## [WORK TO COMPLETE]
Please reproduce the listing in its entirety, exactly as written, but without images.

## [RECORDS TO PROCESS]
──────────

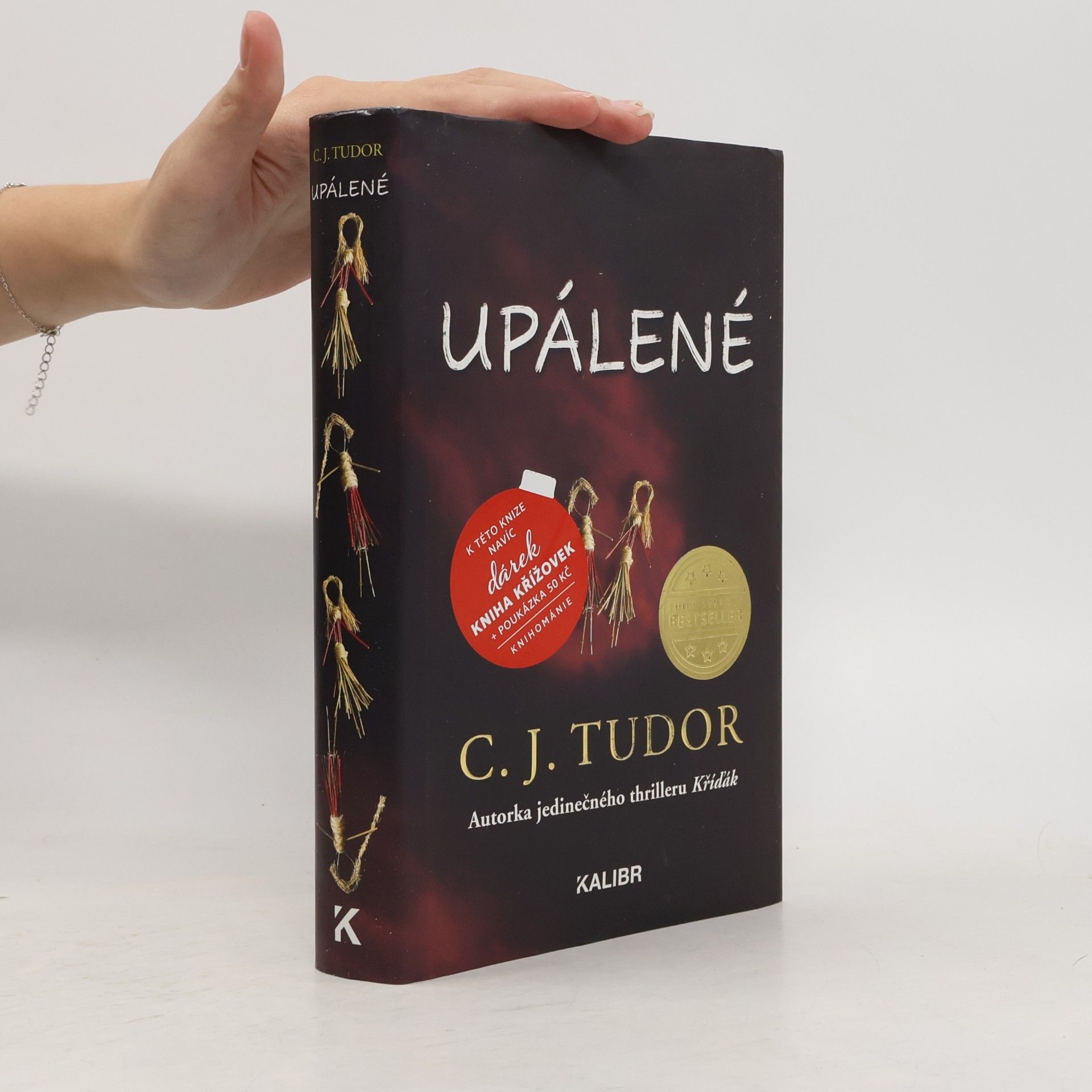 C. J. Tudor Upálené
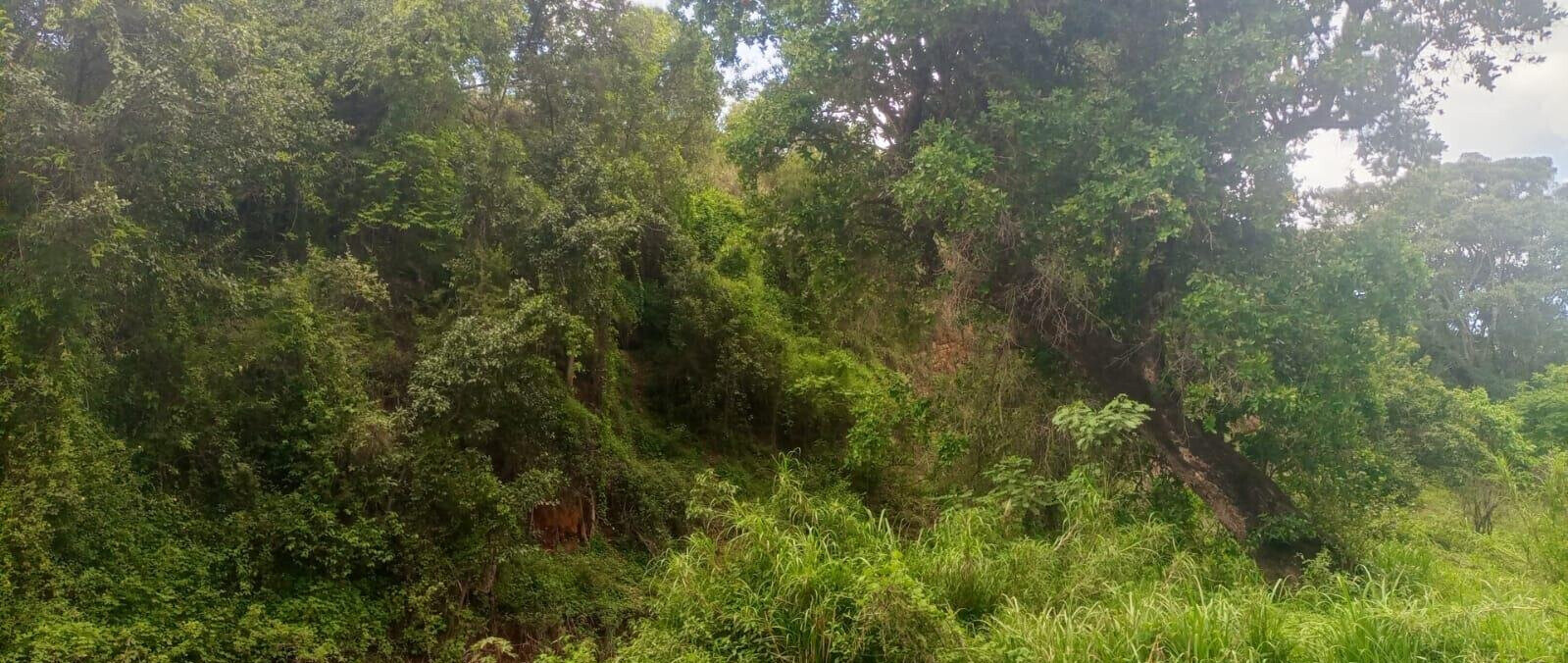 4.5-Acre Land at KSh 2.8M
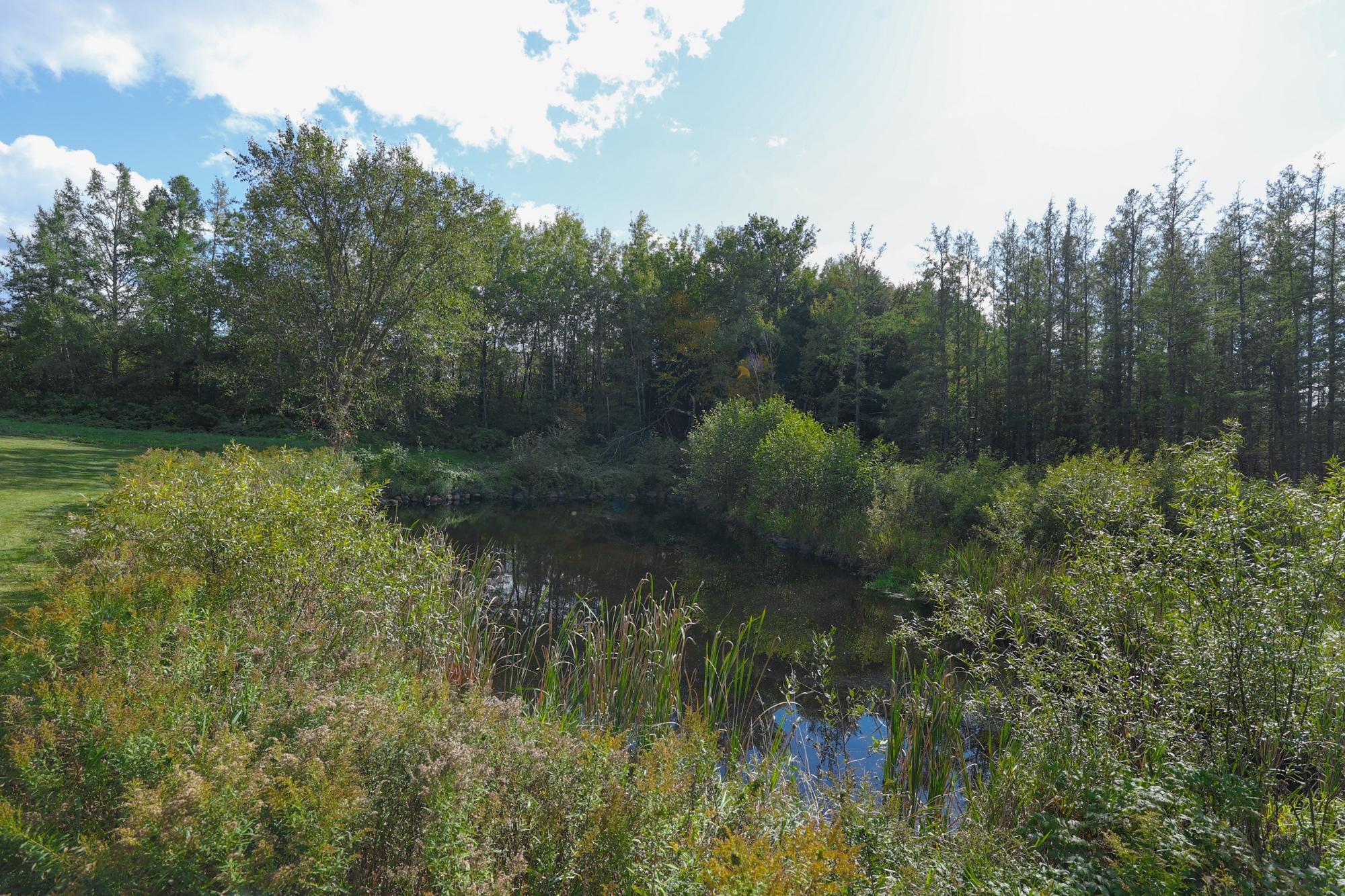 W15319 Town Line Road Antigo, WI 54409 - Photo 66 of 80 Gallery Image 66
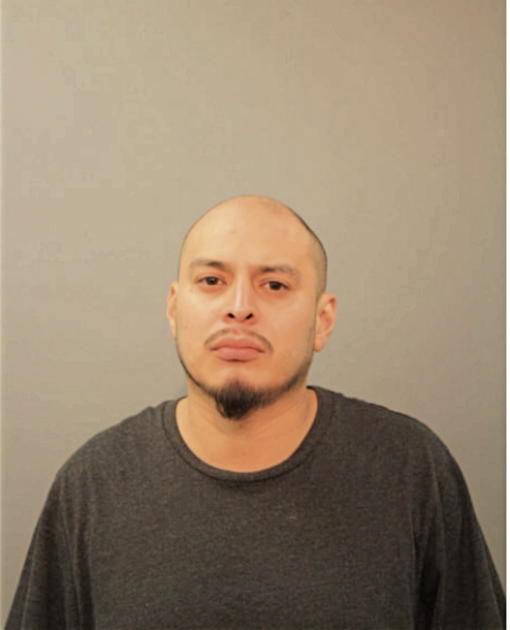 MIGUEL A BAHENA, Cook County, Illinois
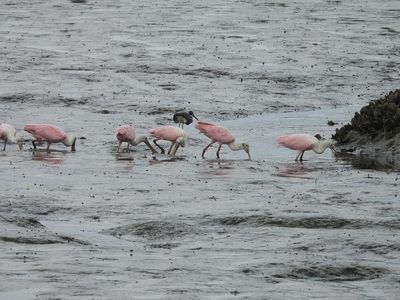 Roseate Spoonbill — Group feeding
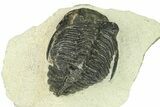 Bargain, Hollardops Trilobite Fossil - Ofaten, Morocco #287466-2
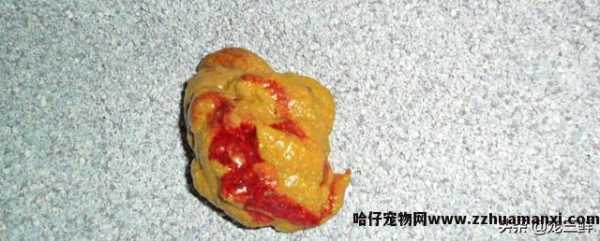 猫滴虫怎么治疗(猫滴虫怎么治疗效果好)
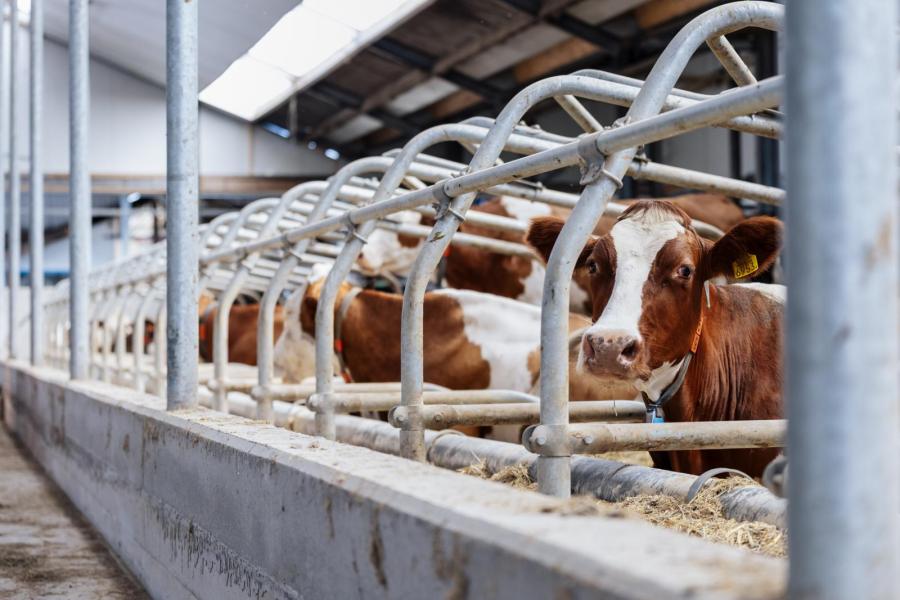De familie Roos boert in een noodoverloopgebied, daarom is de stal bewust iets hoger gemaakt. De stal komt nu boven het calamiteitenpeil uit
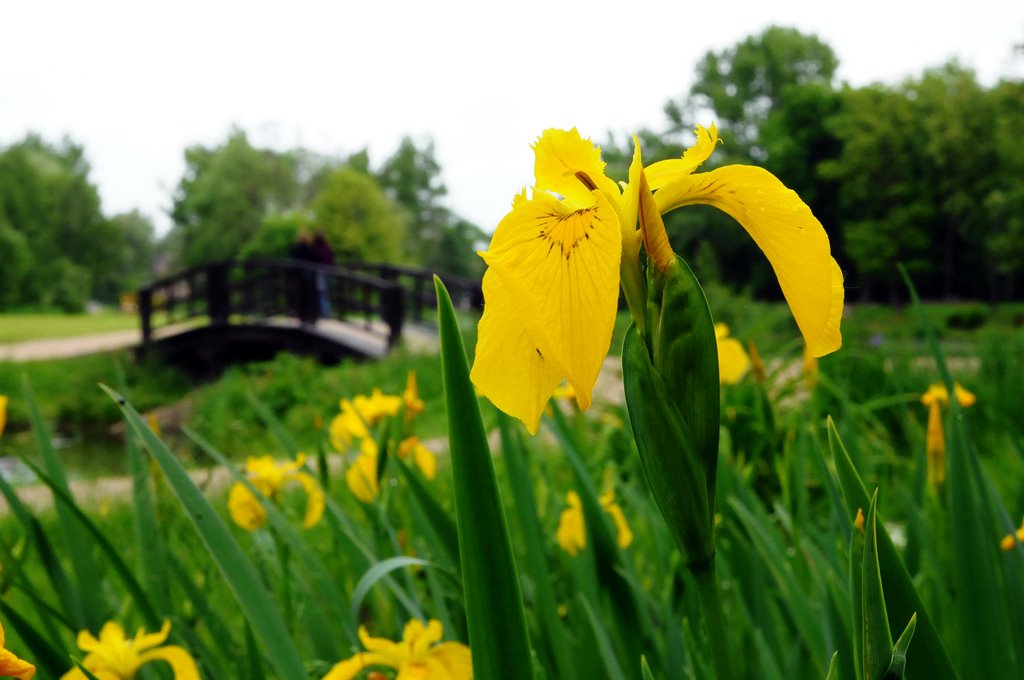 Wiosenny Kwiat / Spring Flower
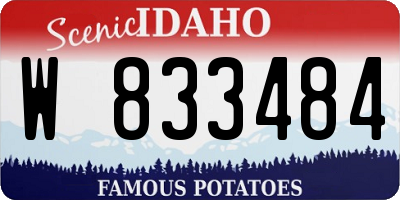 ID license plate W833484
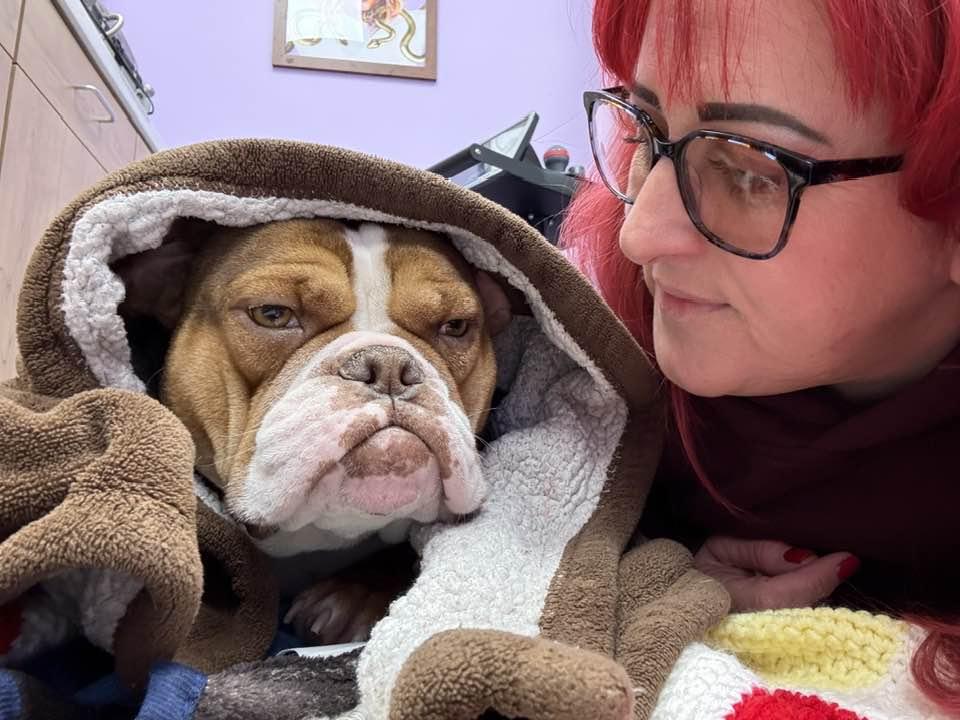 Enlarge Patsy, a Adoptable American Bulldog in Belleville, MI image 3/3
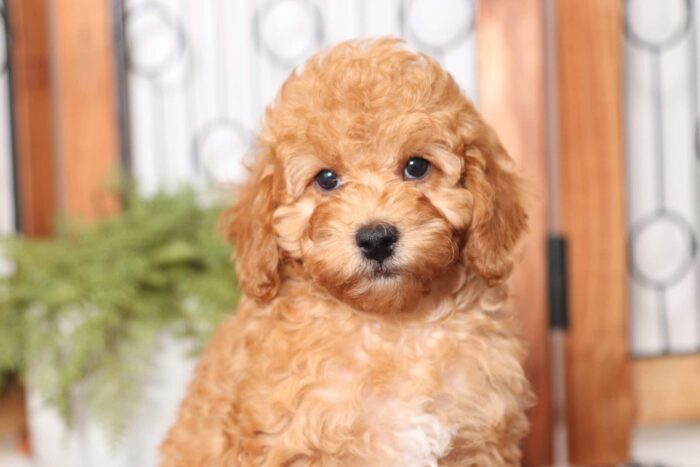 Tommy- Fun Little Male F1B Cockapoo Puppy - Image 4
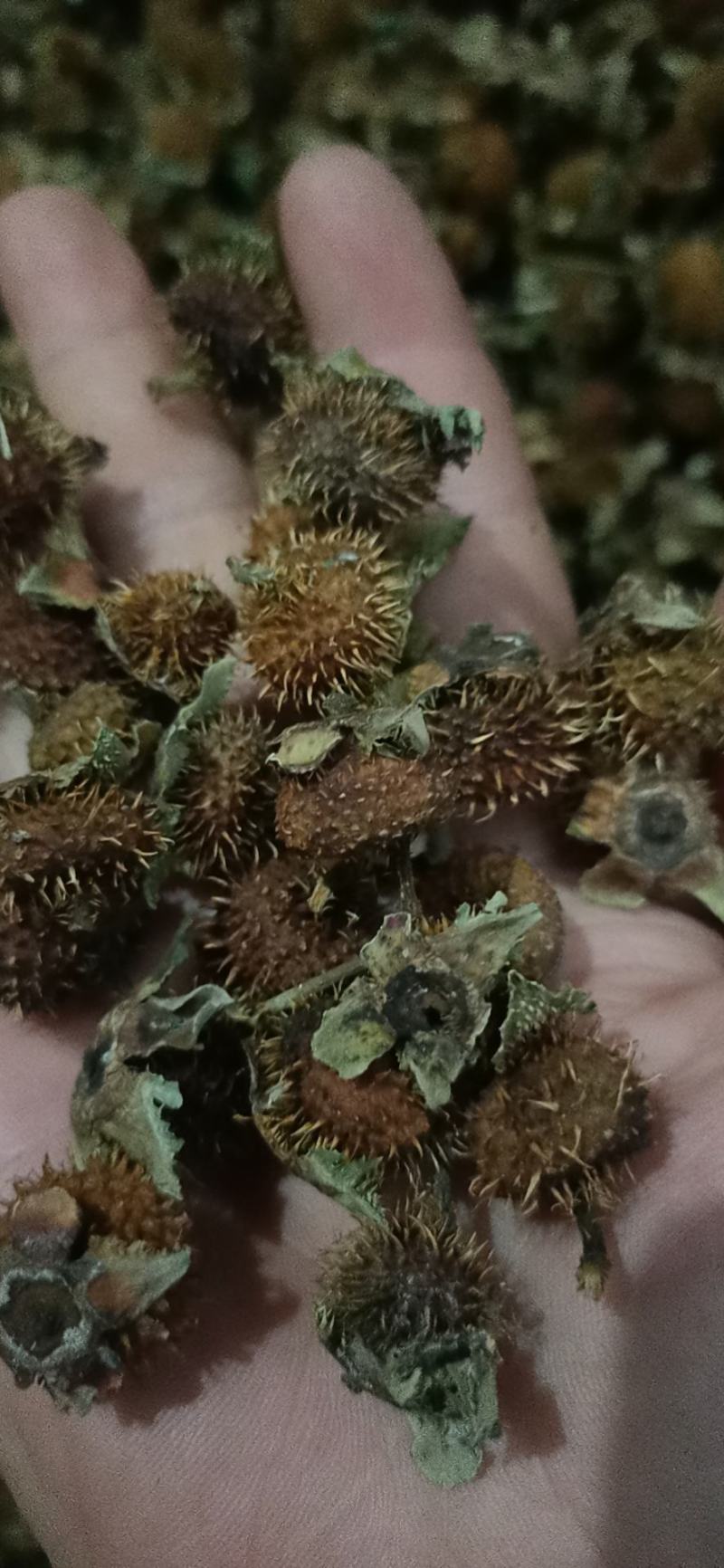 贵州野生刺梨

──────────

## [RESPONSE TO THE TASK]
 C. J. Tudor Upálené
 4.5-Acre Land at KSh 2.8M
 W15319 Town Line Road Antigo, WI 54409 - Photo 66 of 80 Gallery Image 66
 MIGUEL A BAHENA, Cook County, Illinois
 Roseate Spoonbill — Group feeding
 Bargain, Hollardops Trilobite Fossil - Ofaten, Morocco #287466-2
 猫滴虫怎么治疗(猫滴虫怎么治疗效果好)
De familie Roos boert in een noodoverloopgebied, daarom is de stal bewust iets hoger gemaakt. De stal komt nu boven het calamiteitenpeil uit
 Wiosenny Kwiat / Spring Flower
 ID license plate W833484
 Enlarge Patsy, a Adoptable American Bulldog in Belleville, MI image 3/3
 Tommy- Fun Little Male F1B Cockapoo Puppy - Image 4
 贵州野生刺梨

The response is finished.